This request could have sounded the death knell for the aesthetic of Heart Band, since an interactive installation depends on the active corporeal presence of an audience for its completion. But it did not. Ingeniously, David saw the virtualization of his installation as an opportunity rather than an obstacle: he resolved to invite a renowned African dancer, Zab Maboungou, who lives in Montreal, to “dance the drums” and film her performance. I was fortunate to be able to attend the shoot at Zab’s dance academy, the Cercle d’Expression Artistique Nyata Nyata, on “the Main” – that is, St. Lawrence Boulevard – in August 2021.

Before describing Zab’s performance, let me say a few words about the objects and soundscape of the installation. David’s original plan was to commission handmade drums from Métis elders in his home province, but he decided against this plan (see Garneau 2016 for an account of some of the considerations that weighed on him in making this decision). The instruments had the appearance of Métis drums – their faces painted with colourful designs in the Métis beaded-style by David (see Figure 8.3), however, their skins were actually made of plastic and their innards were wired with sensors to detect the ambient movements of the intended audience. The sensors in turn triggered soundclips of heartbeats –David’s own heartbeats, in fact.
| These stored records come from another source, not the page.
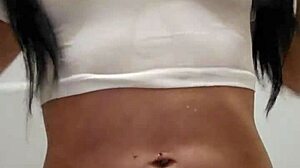 Wet t-shirt clings to emy angel's teasing curves so invitingly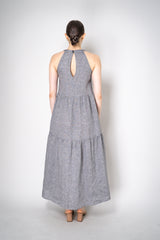 Peserico Halter Maxi Dress with Tiered Construction in Chambray Vancouver. Shop Online or in Store.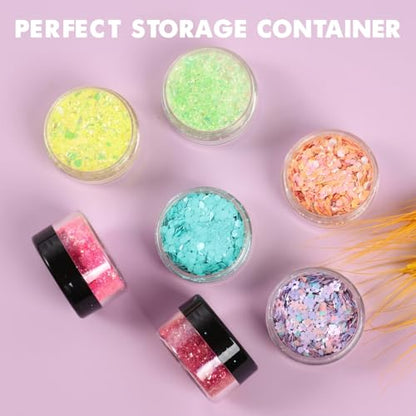 10 Pieces Travel Size Containers, 3/5/10/15/20 Gram Small Travel Containers for Cream, Lotion, Lip Balm and Toiletries, Leak Proof Sample Jars With Labels & Spatulas, Black - color: Black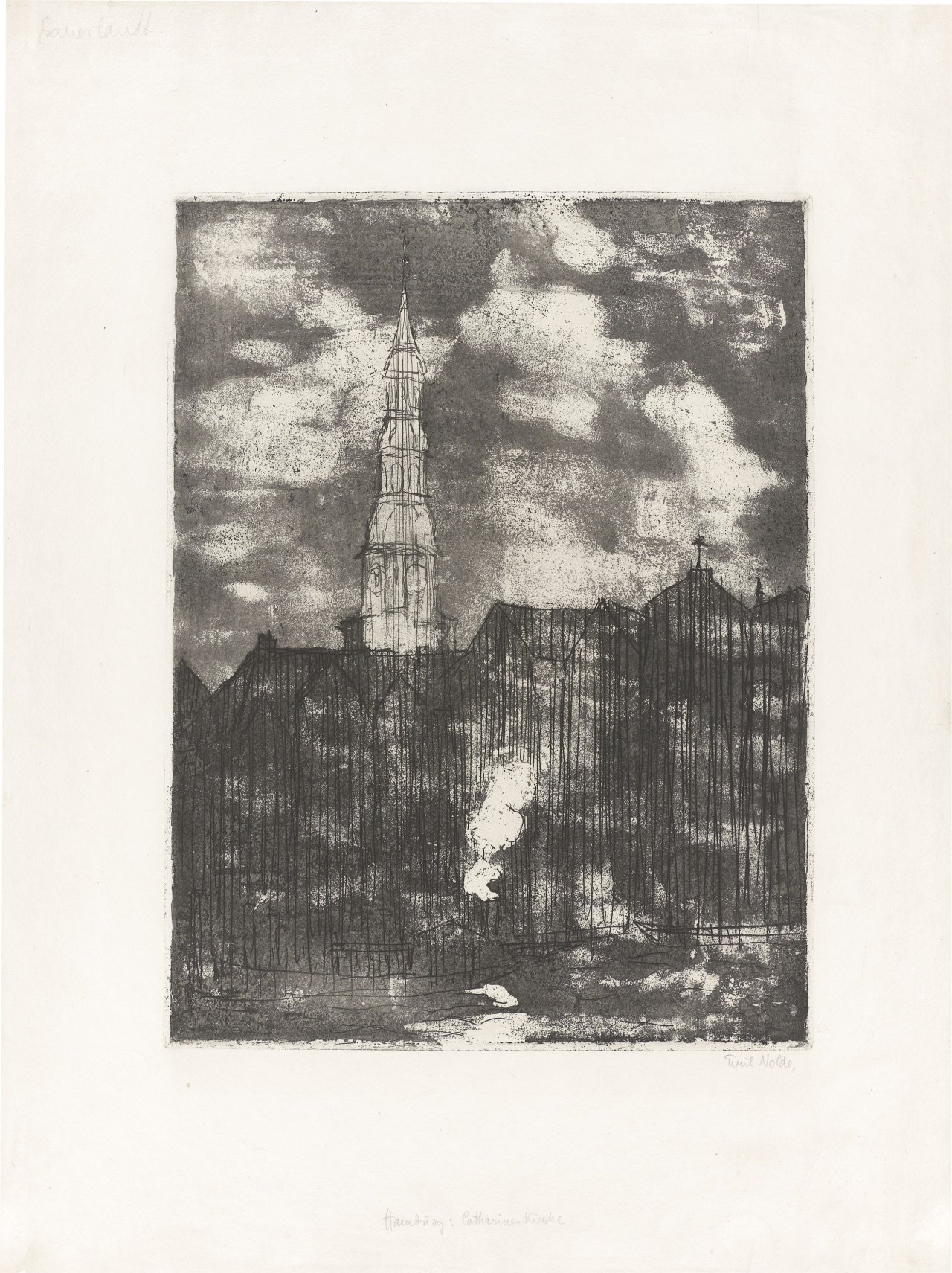 This picture shows the following artwork: Emil Nolde. ”Hamburg, Catharinenkirche”. 1910.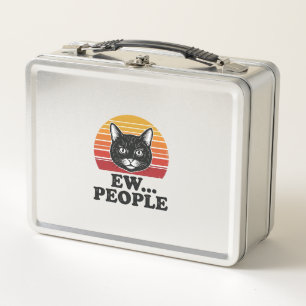 Funny Black Cat Ew People Retro Sunset T-Shirt Des Metal Lunch Box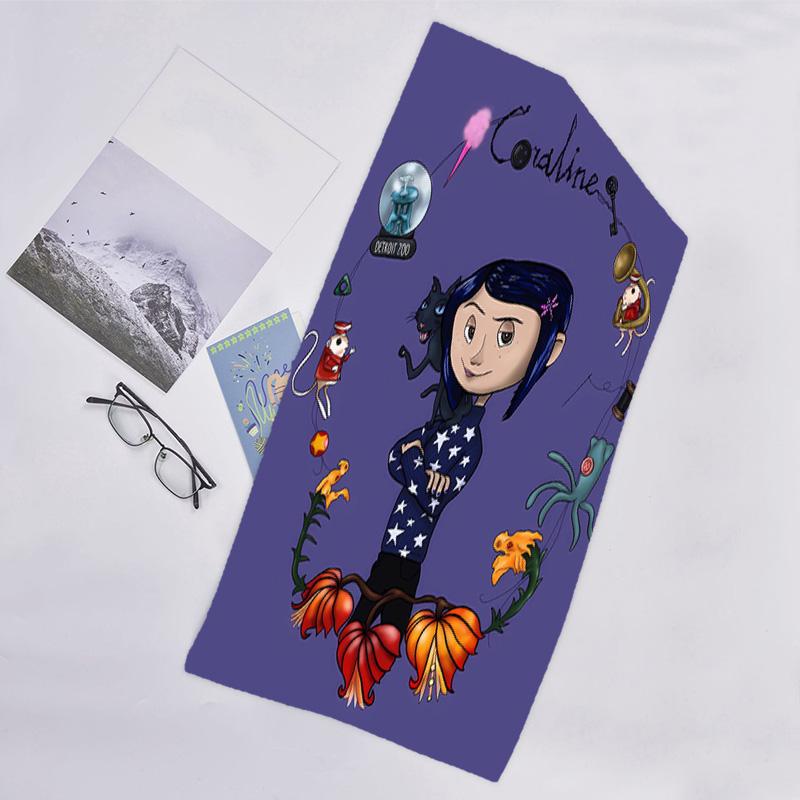 1pc Coraline (4) Beach Towel, Beach and Seaside Swimming Pool Equipment, Fashion Pattern, Rectangular, Travel Essentials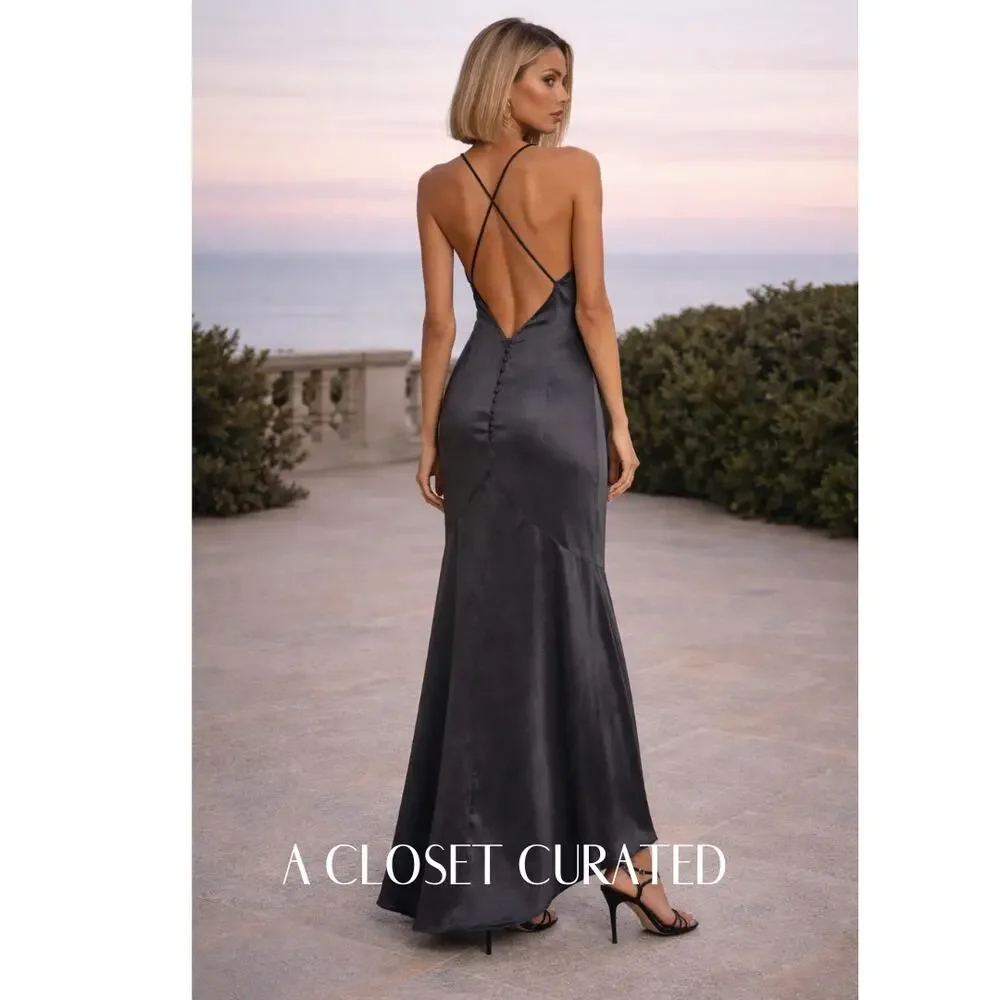 Elliatt Aisle Satin Slip Maxi Dress XL Black NWT - Picture 3 of 9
The clips were pre-recorded by Garnett Willis, using an ingenious device. First, Garnett recorded David’s resting heartbeat (63 bpm) Then, David performed a series of calisthenics exercises, including jumping jacks and burpees (74 bpm). Finally, David ran up five flights of stairs and back (hitting 96 bpm). The various tracks were then looped to form sequences, and which sequence sounded, as well as the transition between them, would be determined by the closeness/distance of the members of the audience as they milled about, as well as the cadence at which they moved.

Heart Band (detail)

Figure 8.3: Heart Band (detail)

Two things stand out about how the drums were wired for sound. First, unlike conventional musical instruments, which only produce sound when the musician strikes them, or blows through them, or draws a bow across their strings, the drums are contact-less, rather like the theremin. Second, the drums could be seen as sentient beings: they were designed to sense movements and produce sounds all on their own. In other words, they appeared to be animated. This allusion to the so-called animistic worldviews of Indigenous peoples was deliberate, but it was not the case that the drums were “alive” or attributed “agency” by their human maker, as in the conventional anthropological account of animism (see Matthews and Roulette 2018 for a critique of this account). The drums were not “animate things,” but rather embodiments of a “relational ontology.” The latter view eschews essentialism and objectification at once:

instead of seeing all entities as having a preexisting essence, … [it] asserts that entities only emerge when they are in relation with other entities … This means [apprehending or] studying persons and things not in terms of who or what they are (i.e. their essence), but what they do in terms of their capacity to act and affect (Moas and Huybregts 2020: 37)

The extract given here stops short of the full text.